- Born: 1829 Wroughton, Wiltshire
- Died: 1918
- Occupation: Engineer
- Engineering career
- Discipline: Civil engineering
- Institutions: Institution of Civil Engineers

= Thomas Codrington =

British engineer and antiquarian

Thomas Codrington (1829 in Wroughton, Wiltshire – 1918) was a British engineer and antiquarian of the late Victorian era. With a career background as an Inspector for local government, he published several known works. First was Report on the Destruction of Town Refuse, published by Her Majesty's Stationery Office in 1888. This was only a short pamphlet of 48 pages, including illustrations of furnaces in use at the time.

Codrington went on to write the slightly more substantial 172 page work The Maintenance of Macadamised Roads in 1879, published by E. & F.N. Spon.

For the Roads Improvement Association, Codrington wrote The Roads Improvement Association - Its Teaching Confirmed; he had acted for the RIA in a successful court action in 1885 regarding the state of the roads in Halesowen.

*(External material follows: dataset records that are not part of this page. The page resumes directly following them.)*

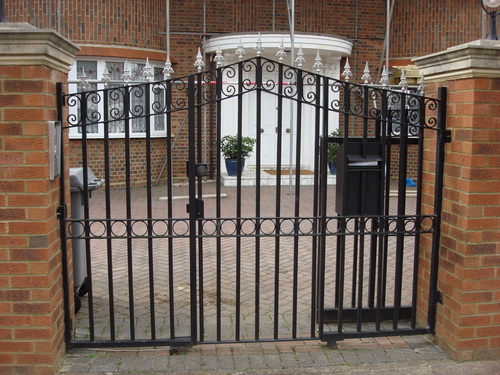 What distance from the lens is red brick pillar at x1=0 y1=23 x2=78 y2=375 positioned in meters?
3.20

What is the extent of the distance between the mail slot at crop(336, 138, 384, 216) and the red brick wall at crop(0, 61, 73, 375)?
200 centimetres

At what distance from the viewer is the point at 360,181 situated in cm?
391

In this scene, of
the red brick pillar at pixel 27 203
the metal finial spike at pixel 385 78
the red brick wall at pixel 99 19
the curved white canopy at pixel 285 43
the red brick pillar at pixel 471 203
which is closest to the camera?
the red brick pillar at pixel 27 203

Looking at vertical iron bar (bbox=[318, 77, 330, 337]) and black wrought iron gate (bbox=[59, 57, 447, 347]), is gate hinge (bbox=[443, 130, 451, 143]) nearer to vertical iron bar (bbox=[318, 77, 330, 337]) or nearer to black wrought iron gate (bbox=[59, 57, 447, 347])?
black wrought iron gate (bbox=[59, 57, 447, 347])

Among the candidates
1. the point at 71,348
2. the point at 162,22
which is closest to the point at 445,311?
the point at 71,348

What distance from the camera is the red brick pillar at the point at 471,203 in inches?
136

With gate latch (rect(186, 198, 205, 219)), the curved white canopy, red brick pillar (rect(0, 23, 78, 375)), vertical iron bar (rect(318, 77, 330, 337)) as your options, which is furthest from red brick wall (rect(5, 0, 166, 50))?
vertical iron bar (rect(318, 77, 330, 337))

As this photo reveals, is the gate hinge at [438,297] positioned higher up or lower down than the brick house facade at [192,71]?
lower down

However, by far Codrington's most famous work was also one of his last. Roman Roads in Britain, published originally in 1903, was the first attempt by any author to catalogue fully the evident remains of the Roman transport network in the United Kingdom. Several further editions were subsequently published, and indeed reprinted. The last of these was a reprint of the 3rd edition in 1928.